Friday, September 8th, 2017

Nancy Collins, PhD, RDN, LD, FAPWCA, FAND

Obesity presents challenges to wound healing, but with knowledge and appropriate care interventions, we can provide optimal conditions to support the best possible outcome for every patient, no matter what size.

Malpractice or Obesity?

 

The US obesity epidemic reached a new all-time high in 2016, according to newly released Centers for Disease Control and Prevention data.1 Every single state has an obesity rate greater than 20%, and in five states it’s even greater than 35%. Topping the chart is West Virginia, at 37.7%.

Many of these people end up in the healthcare system because of obesity-related diseases and sometimes develop a wound, such as a pressure injury. As we know, wounds that do not heal after 12 weeks are termed chronic, and lawsuits because of chronic wounds and their consequences are rampant

The Obese Plaintiff

The discovery process surely will reveal whether a patient was overweight or obese because nutritional status and body weight are factors in the healing process. The tricky part is deciding how much, if any, of the chronicity of the wound was because of obesity.

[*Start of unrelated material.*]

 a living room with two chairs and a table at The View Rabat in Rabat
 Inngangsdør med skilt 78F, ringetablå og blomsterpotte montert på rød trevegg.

In a recent case, the patient was 5′3″ and weighed 276 pounds. Can a person of this size heal? The defendants claimed they did everything according to the standard of care, but despite excellent care, the patient did not heal. They recounted some difficulty repositioning the patient because of her size and problems with moisture management in her skin folds. The plaintiff thought those were excuses and that there was size bias in the care given to the patient. So what are the facts when dealing with a larger patient with a wound?